Activity: Return the full listing exactly as it is written.

Available data:
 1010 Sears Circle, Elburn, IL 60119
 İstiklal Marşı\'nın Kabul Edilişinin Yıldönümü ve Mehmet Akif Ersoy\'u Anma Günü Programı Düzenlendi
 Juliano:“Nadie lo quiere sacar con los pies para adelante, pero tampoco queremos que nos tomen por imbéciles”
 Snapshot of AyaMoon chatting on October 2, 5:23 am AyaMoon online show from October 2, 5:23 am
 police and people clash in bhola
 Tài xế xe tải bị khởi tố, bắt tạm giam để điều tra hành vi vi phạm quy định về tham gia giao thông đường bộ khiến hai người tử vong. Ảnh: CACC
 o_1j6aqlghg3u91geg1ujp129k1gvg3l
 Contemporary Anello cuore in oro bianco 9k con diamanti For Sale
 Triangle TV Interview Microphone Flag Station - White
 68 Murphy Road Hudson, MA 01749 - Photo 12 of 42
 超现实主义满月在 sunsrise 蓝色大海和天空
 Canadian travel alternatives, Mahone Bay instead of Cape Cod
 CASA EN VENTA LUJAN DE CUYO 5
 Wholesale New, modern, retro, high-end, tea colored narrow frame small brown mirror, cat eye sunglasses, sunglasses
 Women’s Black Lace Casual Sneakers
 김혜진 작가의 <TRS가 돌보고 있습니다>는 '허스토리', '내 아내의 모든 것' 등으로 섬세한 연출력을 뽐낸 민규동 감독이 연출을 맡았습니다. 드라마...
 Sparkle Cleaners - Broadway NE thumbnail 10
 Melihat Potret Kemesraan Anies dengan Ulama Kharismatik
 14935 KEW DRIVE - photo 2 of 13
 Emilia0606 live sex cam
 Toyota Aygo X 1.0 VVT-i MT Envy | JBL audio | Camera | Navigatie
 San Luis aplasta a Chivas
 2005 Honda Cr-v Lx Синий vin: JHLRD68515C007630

Solution below:
 1010 Sears Circle, Elburn, IL 60119
 İstiklal Marşı\'nın Kabul Edilişinin Yıldönümü ve Mehmet Akif Ersoy\'u Anma Günü Programı Düzenlendi
 Juliano:“Nadie lo quiere sacar con los pies para adelante, pero tampoco queremos que nos tomen por imbéciles”
 Snapshot of AyaMoon chatting on October 2, 5:23 am AyaMoon online show from October 2, 5:23 am
 police and people clash in bhola
 Tài xế xe tải bị khởi tố, bắt tạm giam để điều tra hành vi vi phạm quy định về tham gia giao thông đường bộ khiến hai người tử vong. Ảnh: CACC
 o_1j6aqlghg3u91geg1ujp129k1gvg3l
 Contemporary Anello cuore in oro bianco 9k con diamanti For Sale
 Triangle TV Interview Microphone Flag Station - White
 68 Murphy Road Hudson, MA 01749 - Photo 12 of 42
 超现实主义满月在 sunsrise 蓝色大海和天空
 Canadian travel alternatives, Mahone Bay instead of Cape Cod
 CASA EN VENTA LUJAN DE CUYO 5
 Wholesale New, modern, retro, high-end, tea colored narrow frame small brown mirror, cat eye sunglasses, sunglasses
 Women’s Black Lace Casual Sneakers
 김혜진 작가의 <TRS가 돌보고 있습니다>는 '허스토리', '내 아내의 모든 것' 등으로 섬세한 연출력을 뽐낸 민규동 감독이 연출을 맡았습니다. 드라마...
 Sparkle Cleaners - Broadway NE thumbnail 10
 Melihat Potret Kemesraan Anies dengan Ulama Kharismatik
 14935 KEW DRIVE - photo 2 of 13
 Emilia0606 live sex cam
 Toyota Aygo X 1.0 VVT-i MT Envy | JBL audio | Camera | Navigatie
 San Luis aplasta a Chivas
 2005 Honda Cr-v Lx Синий vin: JHLRD68515C007630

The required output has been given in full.